Così in un comunicato Luciano Cifaldi, segretario generale della Cisl Medici Lazio e Benedetto Magliozzi, segretario generale della Cisl Medici Roma Capitale/Rieti.

“La non ubiquitaria presenza di adeguate zone filtro e la aumentata esigenza di garantire le adeguate forniture di DPI agli operatori potrebbe suggerire di valutare anche la possibilità di non consentire altresì l’ingresso in ospedale fino ad almeno 30 minuti prima dell’orario di appuntamento per la prestazione e ciò allo scopo di ridurre i contatti fonte di potenziale contagio evitando promiscui affollamenti nelle sale di attesa di persone che seppure asintomatiche potrebbero essere in fase di incubazione.

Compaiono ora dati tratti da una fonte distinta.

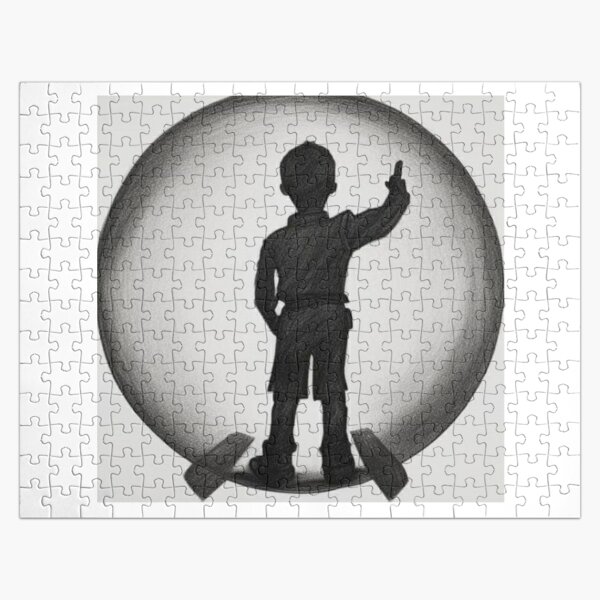 Solar circle, the sky around - This is a drawing of a boy. He drew on a piece of paper And signed in the corner: May there always be sunshine! Jigsaw Puzzle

Se ha un senso sospendere le attività scolastiche, congressuali, ludiche, dei cinema e dei teatri allora potrebbe avere un senso valutare la possibilità di rinviare le visite ambulatoriali differibili evitando di mantenere le persone a stretto contatto in ambienti spesso angusti.

Tutto ciò premesso continueremo a svolgere in pieno la nostra attività lavorativa” concludono i due sindacalisti della Cisl Medici.